Some scholars dispute the Philippine origin based on perceived design differences. The baróng traditionally does not have pockets, instead having an intricate U-shaped embroidery pattern around the chest (hence the name pechera), which is mostly absent in Cuban guayaberas. Guayaberas are also invariably made from opaque linen or cotton, unlike the baróng tagalog which has two grades: cheaper variants for everyday wear are made from more common, opaque fabrics (like linen), while expensive embroidered sheer piña or abacá fabrics are worn by the upper classes.

However, guayaberas in Mexico also have chest designs like pleats and embroidery similar to the baróng and in contrast to Cuban guayaberas; they can range from having no pockets to having one, two, or four. This is the reason why Mexicans also claim it originated from either the state of Veracruz or the Yucatán Peninsula. In Mexico, the same basic style is also known as the "camisa de Yucatán" ("Yucatán shirt") or "wedding shirt".

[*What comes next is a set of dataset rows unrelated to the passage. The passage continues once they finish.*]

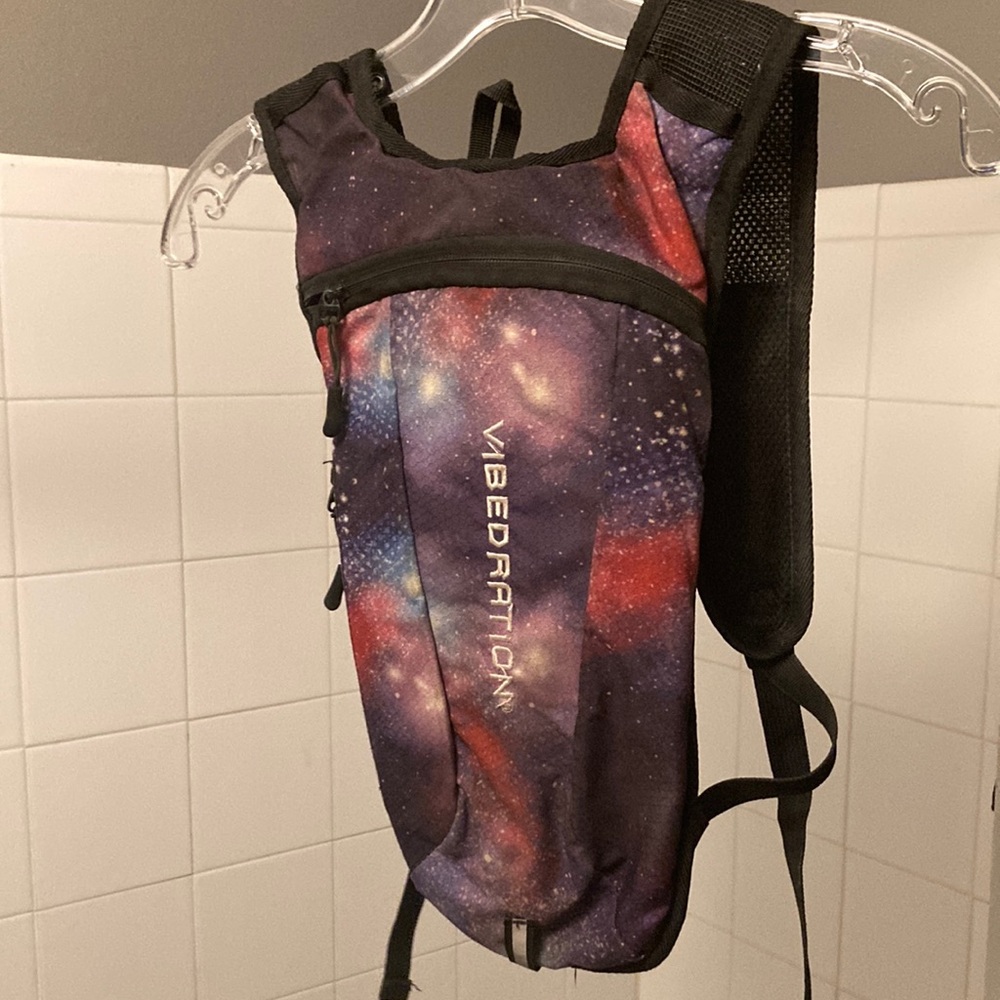 Hydration pack by Vibedration, galaxy print, water bladder not included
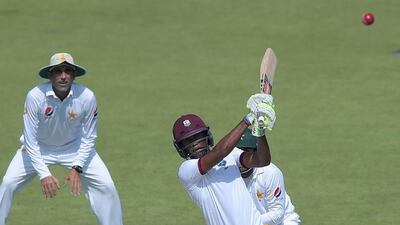 West Indies' batsman Kraigg Brathwaite hits a boundary on the second day of the third and final Test against Pakistan on Monday in Sharjah. Aamir Qureshi / AFP / October 31, 2016
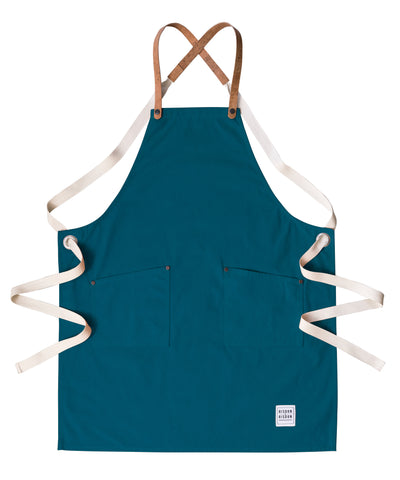 A handcrafted canvas apron with removable corck straps 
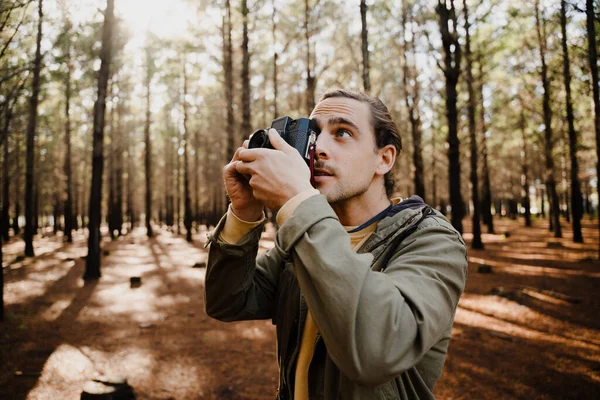 Jovem fotógrafo masculino na floresta tirando fotos com sua câmera de filme — Fotografia de Stock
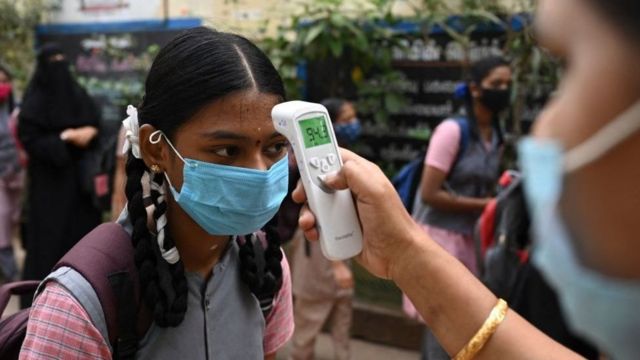 Una maestra en India le toma la temperatura a una de sus alumnas.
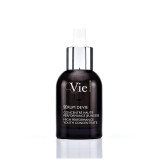 A dark glass serum bottle with a dropper cap, labeled "Sérum de Vie," resting on a textured stone surface.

Regardless, a clearer line of evidence is that guayaberas are actually also referred to as "filipinas" in Yucatán, with the former regarded as a variant of the latter. The only difference between the two is the type of collar used. Filipinas have a collar similar to the Nehru or mandarin-style (a style known as the baro cerrada in 19th-century Philippines), while guayaberas have a more typical spread collar. Both filipinas and the derivative guayaberas were the traditional everyday men's shirts in Yucatán since the mid-19th century, before these were replaced by western shirts in the early 20th century. The white filipina shirt is still regarded as traditional formal dress for men in Yucatán, along with the terno for women (cf. traje de Mestiza of the Philippines). In particular, white filipinas are the traditional shirts worn for the jarana Yucateca dance, paired with white trousers. This suggests an origin from the Philippines that entered Mexico early during the colonial period through Yucatán then to Cuba, where it was later adapted to local fashion and materials.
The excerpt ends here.